Increasing to a=2 gives better coverage but with more bias at the simplex edge..

image

This really is one of those problems that is hard to put down...

ok... final one of these...

def cube_to_simplex_embedding(latent_point_in_cube, a=3, b=3):
    N = latent_point_in_cube.shape[0]
    L1 = np.norm(latent_point_in_cube, 1)
    L2 = np.norm(latent_point_in_cube, 2)
    scale = np.tanh(a*L2^b)/L1

    point_on_prob_simplex = np.empty((N+1, ))
    point_on_prob_simplex [:-1] = latent_point_in_cube * scale
    point_on_prob_simplex [-1]  = 1 - sum(point_on_prob_simplex [:-1])
    return  point_on_prob_simplex 

with a=3 and b=3;

image

The mapping is nonuniform but locally continuous, and so should be a good fit for the bounded -> constrained problem

This is seriously cool. I'm going to set up a few benchmark objective functions on the simplex.

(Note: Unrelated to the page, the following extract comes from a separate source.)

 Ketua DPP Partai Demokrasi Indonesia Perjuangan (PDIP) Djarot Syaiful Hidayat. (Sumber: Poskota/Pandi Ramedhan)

So after another day of playing I have a really nice nonparametric, continuous (almost uniform) map..

def cube_to_simplex_embedding(latent_point_in_cube):
    n = latent_point_in_cube.shape[0]
    L1 = np.norm(latent_point_in_cube, 1)
    L2 = np.norm(latent_point_in_cube, 2)

    scale = (1/sqrt(2*n)) + (L2/(sqrt(2) * L1)) * sqrt(1 - (L1/(sqrt(n) * L2))**2)

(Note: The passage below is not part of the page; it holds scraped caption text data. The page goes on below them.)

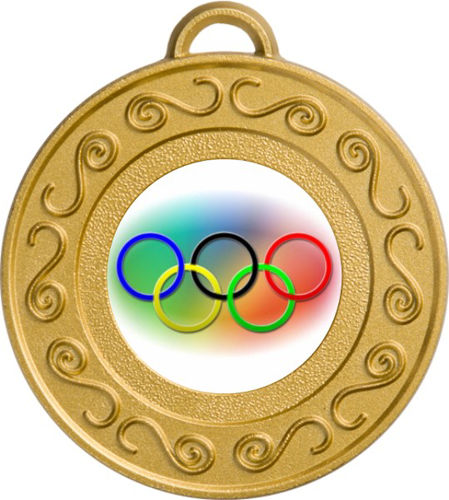 Immagine di MEDAGLIA GIOCHI - diametro mm. 50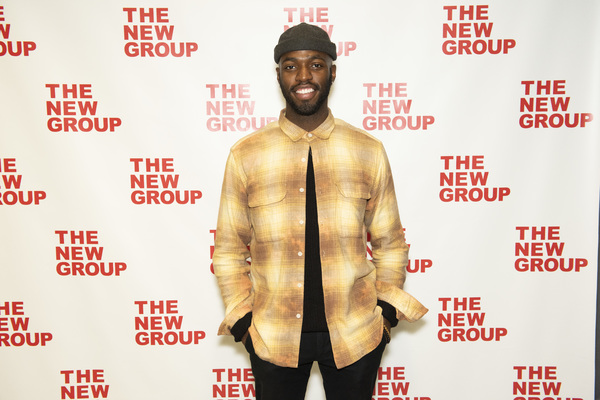Photo Flash: Inside First Rehearsal For The New Group's ONE IN TWO Image
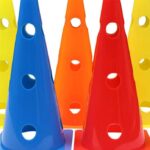 Conos de entrenamiento de fútbol: marcas de calidad y durabilidad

    point_on_prob_simplex = np.empty((n+1, ))
    point_on_prob_simplex [:-1] = latent_point_in_cube * scale
    point_on_prob_simplex [-1]  = 1 - sum(point_on_prob_simplex [:-1])
    return  point_on_prob_simplex 

image

The geometric interpretation is (I think) really nice! First we scale the strictly positive part of the unit cube onto the strictly positive part of the unit ball using the cosine of the angle between our vector and the normal vector of the simplex. Then scale like a/b where A is the L2 norm (which is now uniform in scale) and b is the L1 norm (so we are within the simplex). A bit of algebra to get rid of the cosines and arcosines and we have it!

Plus no hyperparameters and I think that it works in any dimension!

Thinking that this can be closed now that the humpday implementation is chugging along.